• **What to work on**:
Restate each entry exactly, without pictures.

• **Data records**:
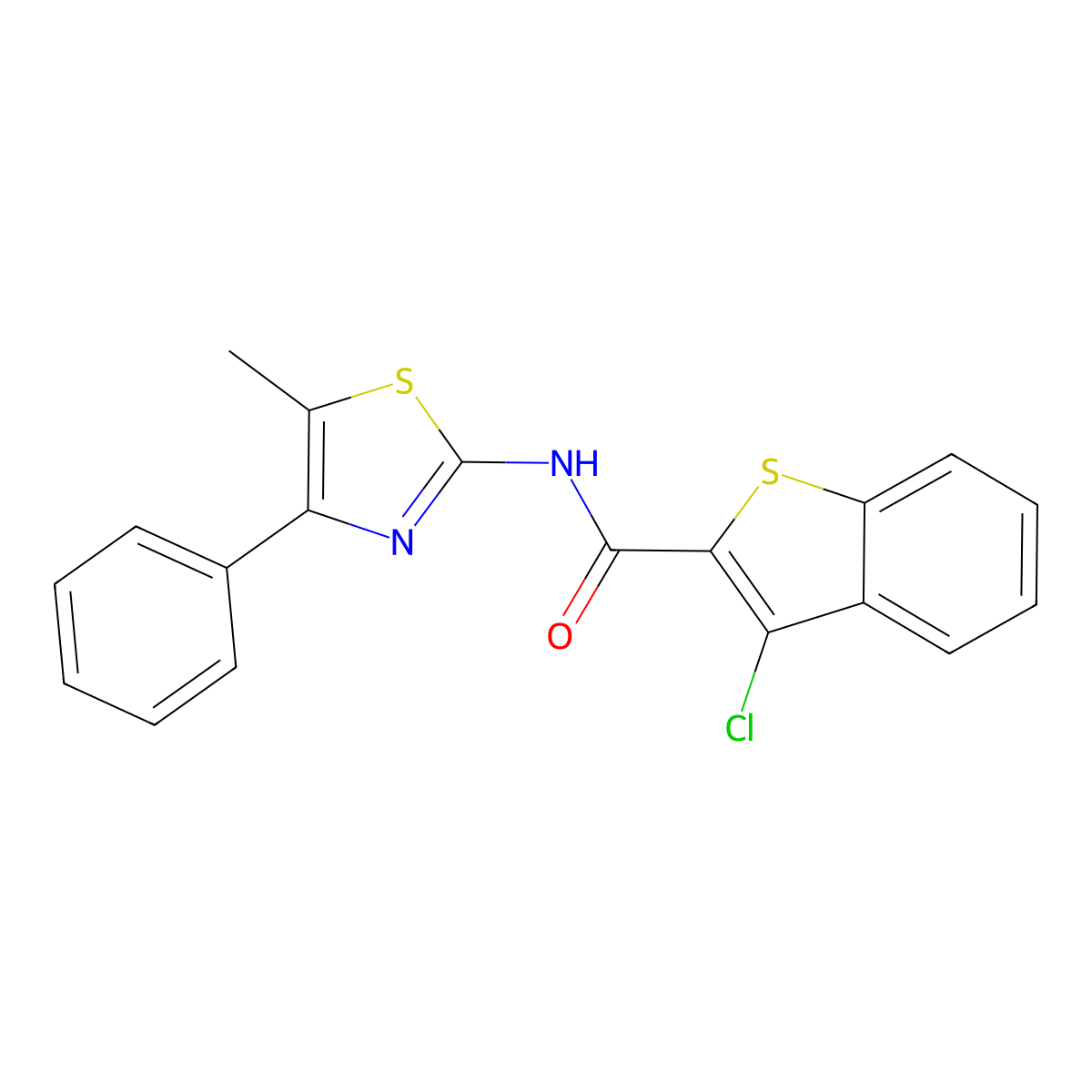 3-chloro-N-(5-methyl-4-phenyl-1,3-thiazol-2-yl)-1-benzothiophene-2-carboxamide molecular structure, CAS 476293-84-2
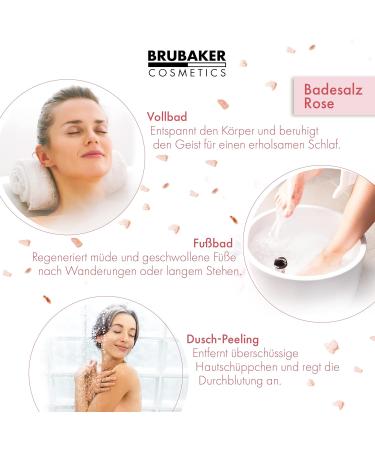 Brubaker Swimming Salt 3x400g - Rose Fragrance Bathing Additive with Flowers & Natural Extracts for Wellness & Relaxation - Includes Wooden Measuring Spoon - Buy Online on GoSupps.com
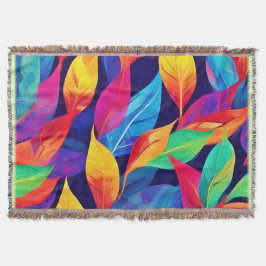 Cobertor Folhas Vibrantes de Outono Arte Abstrata
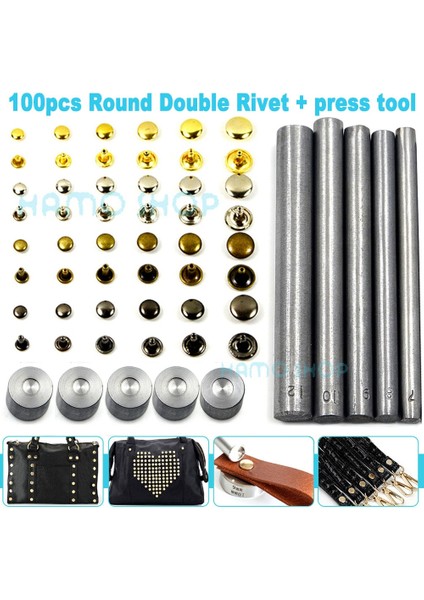 8 mm x 10 mm Stili Karışık Renk Aracı ile Yuvarlak Çift Kapaklı Perçin Saplama Çarpışma Çivi Metal Başak Kaya Deri Zanaat Ayakkabı Çanta Kemer Konfeksiyon Bilezik Dıy (Yurt Dışından)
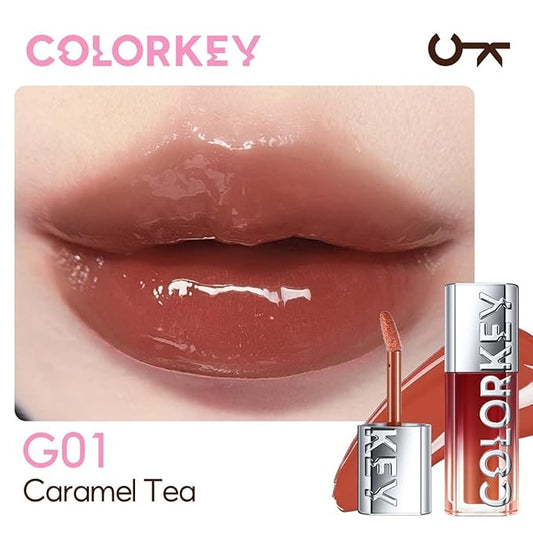 COLORKEY 3D Plump Oil Lip Gloss, High-shine Finish, Lip Tint, Moisturizing, Non-Sticky, Clear and Natural, Glassy Shine (G01 Caramel Tea, 3ml)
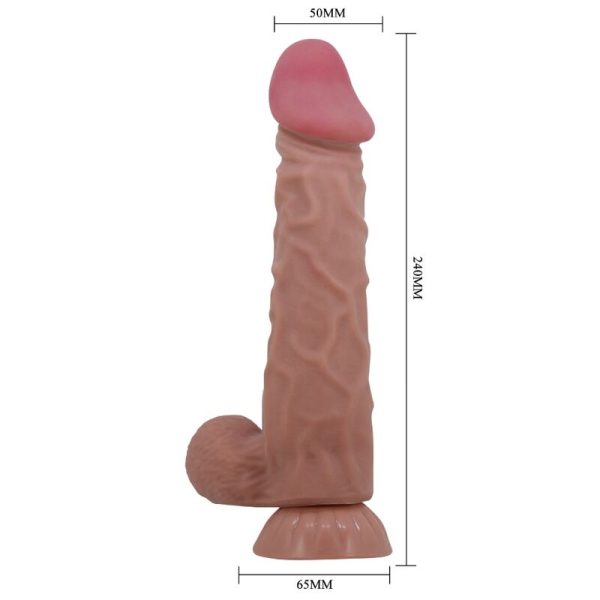 PRETTY LOVE - DILDO REALISTICO SLIDING SKIN SERIES CON VENTOSA SCORREVOLE DELLA PELLE MARRONE 24 CM - immagine 5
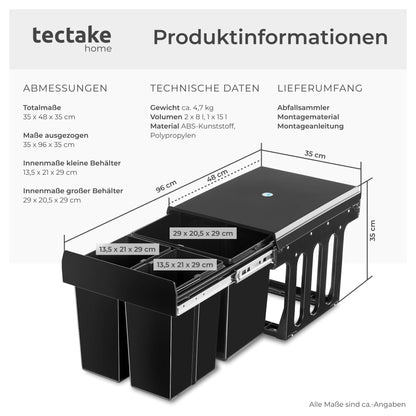 tectake Mülltrennsystem Einbau 3 Fächer (2x 8L + 15L)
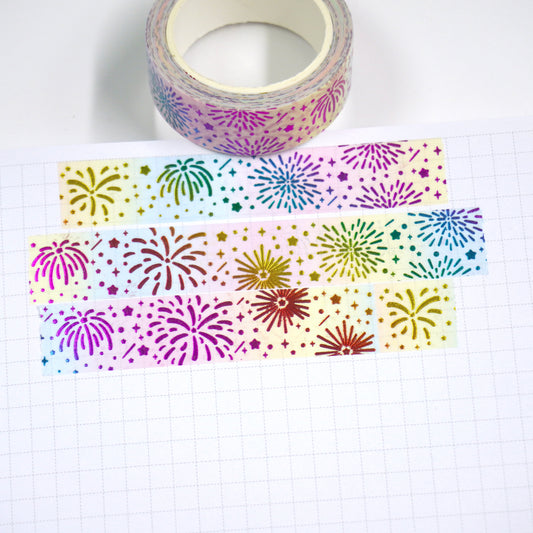 Fireworks | Rainbow foil | 15mm washi tape | Limit 1 per order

• **Written solution**:
 3-chloro-N-(5-methyl-4-phenyl-1,3-thiazol-2-yl)-1-benzothiophene-2-carboxamide molecular structure, CAS 476293-84-2
 Brubaker Swimming Salt 3x400g - Rose Fragrance Bathing Additive with Flowers & Natural Extracts for Wellness & Relaxation - Includes Wooden Measuring Spoon - Buy Online on GoSupps.com
 Cobertor Folhas Vibrantes de Outono Arte Abstrata
 8 mm x 10 mm Stili Karışık Renk Aracı ile Yuvarlak Çift Kapaklı Perçin Saplama Çarpışma Çivi Metal Başak Kaya Deri Zanaat Ayakkabı Çanta Kemer Konfeksiyon Bilezik Dıy (Yurt Dışından)
 COLORKEY 3D Plump Oil Lip Gloss, High-shine Finish, Lip Tint, Moisturizing, Non-Sticky, Clear and Natural, Glassy Shine (G01 Caramel Tea, 3ml)
 PRETTY LOVE - DILDO REALISTICO SLIDING SKIN SERIES CON VENTOSA SCORREVOLE DELLA PELLE MARRONE 24 CM - immagine 5
 tectake Mülltrennsystem Einbau 3 Fächer (2x 8L + 15L)
 Fireworks | Rainbow foil | 15mm washi tape | Limit 1 per order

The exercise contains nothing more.